Your copy should repeat the data that follows exactly and contain no image.

(Data excerpt)
------------------------------------------------------------------------

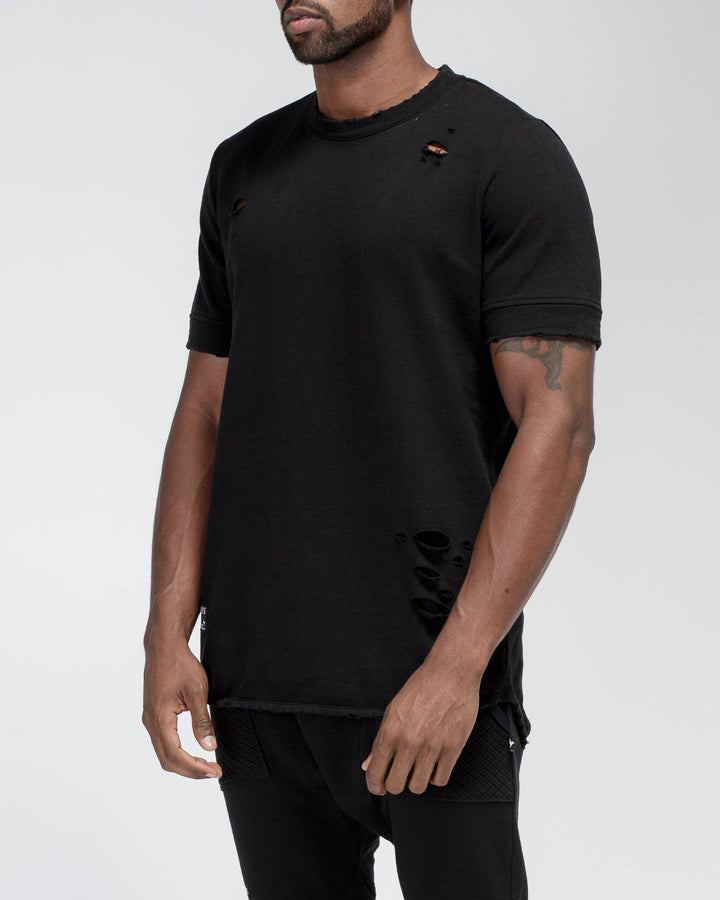 Konus Men's French Terry Short Sleeve Tee w/ Grinding in Black by Shop at Konus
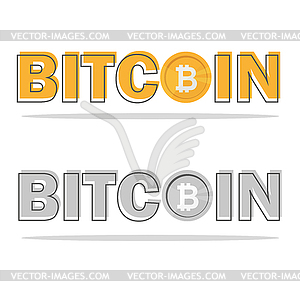 Bitcoin logo with its icon and logo - vector clip art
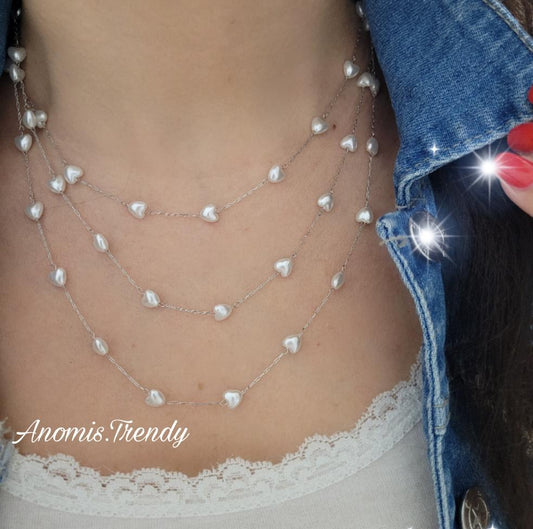 Collana in Acciaio GOLD o SILVER con Cuori tipo MadrePerla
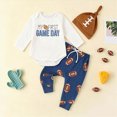 thumbnail image 2 of TOWED22 Newborn Baby Boy Football Outfit Fall Winter Game Day Long Sleeve Romper with Pants and Hat 3Pcs Set 0 3 6 9 12 18 24 Months,Blue,3-6 M, 2 of 9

------------------------------------------------------------------------

(Result for this exercise)
 Konus Men's French Terry Short Sleeve Tee w/ Grinding in Black by Shop at Konus
 Bitcoin logo with its icon and logo - vector clip art
 Collana in Acciaio GOLD o SILVER con Cuori tipo MadrePerla
 thumbnail image 2 of TOWED22 Newborn Baby Boy Football Outfit Fall Winter Game Day Long Sleeve Romper with Pants and Hat 3Pcs Set 0 3 6 9 12 18 24 Months,Blue,3-6 M, 2 of 9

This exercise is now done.